Just a question that has confused me somewhat:

For one hour [earth frame time] an object holds a vector at the velocity of 0.9c.

What distances have been covered?

a] From our objects frame?
b] From an Earth stationary frame?

or to put it another way
our object is traveling 0.9c faster than our relatively stationary object [traveling at 2 kms perhour]

I get the impression and I am probably wrong that the object will have travelled just about the entire universe with in that hour from it's perpective however from an earth frame it would have travelled considerably less.

So if we stop our object after one hours flight where is it relative to the starting point?


We do the same calculations from one minutes travelling time and compare of a scale all the way to one hour and beyond if you like.....

For one hour [earth frame time] an object holds a vector at the velocity of 0.9c.

What distances have been covered?

a] From our objects frame?
b] From an Earth stationary frame?
In the rest frame of Earth:
An object leaves Earth at 0.9c for one hour then stops.
The object has travelled 3240 light-seconds.
Earth has not moved at all.

In the rest frame of the moving object:
Before the experiment, the object is moving with the Earth at -0.9c.
The object stops at t=0,
waits for 26 minutes and 9 seconds while the Earth continues moving at -0.9c,
then takes off at 0.9c again as the experiment ends.
During the experiment, the object did not move at all.
The Earth moved -1412 light-seconds.

I get the impression and I am probably wrong that the object will have travelled just about the entire universe with in that hour from it's perpective however from an earth frame it would have travelled considerably less.
The object was "moving" for less than an hour from its perspective.

so you are saying that the earth the sun and the entire universe is moving at -0.9c
relative to our object if our object is at rest.

the earth is obviously not going to move realtive to the universe that it exists in is it?

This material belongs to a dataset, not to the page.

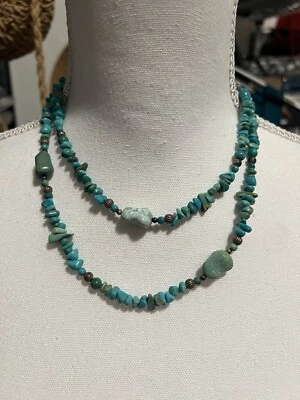 Collar Carolyn Pollack Plata de Ley Verde y Azul Turquesa Cuentas 18" Foto 1 de 4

So to take the frame that the object is at rest and the entire universe is moving at -0.9c means what?

The object stops at t=0,
waits for 26 minutes and 9 seconds while the Earth continues moving at -0.9c,
then takes off at 0.9c again as the experiment ends.
During the experiment, the object did not move at all.
The Earth moved -1412 light-seconds.

Why would the earth have to stop and such.

BUt anyway the probelm is in the diomensional collapse.

How contracted is the universe for our object at 0.9c for one hour...

If we take a snap shot of a single moment at 0.9c how wide is the universe?

Say we give it a percentage of ...eh what, 10% of uncontracted universe.

That would mean that the uiniverse for our object is around say 118billionly*0.1
now what I would like to know is what happens if this object holds this velocity for an hour? how contracted can a contracted universe become?

The thinking:

If an object at v=c means that length has contracted to zero the universe is two dimensional to our object. Thus the diameter of the universe is zero.

So one could surmise that at a v=0.9c the universe is certainly very contracted. BUT the most important thing is that this is only for an instant of time. I wanted to know what would our object see if it held it's 0.9c for an hour.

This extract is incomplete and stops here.